Your answer should contain each record from the listing, repeated exactly.

************

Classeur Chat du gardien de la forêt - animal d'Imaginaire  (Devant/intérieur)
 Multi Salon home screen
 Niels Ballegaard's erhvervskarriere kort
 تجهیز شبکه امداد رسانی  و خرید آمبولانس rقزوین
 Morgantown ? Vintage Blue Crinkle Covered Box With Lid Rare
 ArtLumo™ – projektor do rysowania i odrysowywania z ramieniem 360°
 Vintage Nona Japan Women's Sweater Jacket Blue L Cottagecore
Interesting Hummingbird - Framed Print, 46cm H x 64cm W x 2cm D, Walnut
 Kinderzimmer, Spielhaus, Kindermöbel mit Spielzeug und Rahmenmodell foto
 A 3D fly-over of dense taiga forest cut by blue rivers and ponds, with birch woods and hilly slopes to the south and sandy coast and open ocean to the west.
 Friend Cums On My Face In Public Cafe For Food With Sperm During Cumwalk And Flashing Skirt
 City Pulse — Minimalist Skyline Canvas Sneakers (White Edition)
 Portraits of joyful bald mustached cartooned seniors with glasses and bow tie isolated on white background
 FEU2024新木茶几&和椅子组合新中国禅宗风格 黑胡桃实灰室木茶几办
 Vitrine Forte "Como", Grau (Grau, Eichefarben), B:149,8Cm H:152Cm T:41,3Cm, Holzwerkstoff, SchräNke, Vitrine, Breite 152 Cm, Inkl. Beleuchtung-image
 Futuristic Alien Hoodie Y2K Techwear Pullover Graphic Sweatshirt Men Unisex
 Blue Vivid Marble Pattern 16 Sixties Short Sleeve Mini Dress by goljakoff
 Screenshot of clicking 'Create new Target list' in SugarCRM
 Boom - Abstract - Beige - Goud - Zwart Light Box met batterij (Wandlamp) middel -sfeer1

************

* **SOLVED EXERCISE**:
Classeur Chat du gardien de la forêt - animal d'Imaginaire  (Devant/intérieur)
 Multi Salon home screen
 Niels Ballegaard's erhvervskarriere kort
 تجهیز شبکه امداد رسانی  و خرید آمبولانس rقزوین
 Morgantown ? Vintage Blue Crinkle Covered Box With Lid Rare
 ArtLumo™ – projektor do rysowania i odrysowywania z ramieniem 360°
 Vintage Nona Japan Women's Sweater Jacket Blue L Cottagecore
Interesting Hummingbird - Framed Print, 46cm H x 64cm W x 2cm D, Walnut
 Kinderzimmer, Spielhaus, Kindermöbel mit Spielzeug und Rahmenmodell foto
 A 3D fly-over of dense taiga forest cut by blue rivers and ponds, with birch woods and hilly slopes to the south and sandy coast and open ocean to the west.
 Friend Cums On My Face In Public Cafe For Food With Sperm During Cumwalk And Flashing Skirt
 City Pulse — Minimalist Skyline Canvas Sneakers (White Edition)
 Portraits of joyful bald mustached cartooned seniors with glasses and bow tie isolated on white background
 FEU2024新木茶几&和椅子组合新中国禅宗风格 黑胡桃实灰室木茶几办
 Vitrine Forte "Como", Grau (Grau, Eichefarben), B:149,8Cm H:152Cm T:41,3Cm, Holzwerkstoff, SchräNke, Vitrine, Breite 152 Cm, Inkl. Beleuchtung-image
 Futuristic Alien Hoodie Y2K Techwear Pullover Graphic Sweatshirt Men Unisex
 Blue Vivid Marble Pattern 16 Sixties Short Sleeve Mini Dress by goljakoff
 Screenshot of clicking 'Create new Target list' in SugarCRM
 Boom - Abstract - Beige - Goud - Zwart Light Box met batterij (Wandlamp) middel -sfeer1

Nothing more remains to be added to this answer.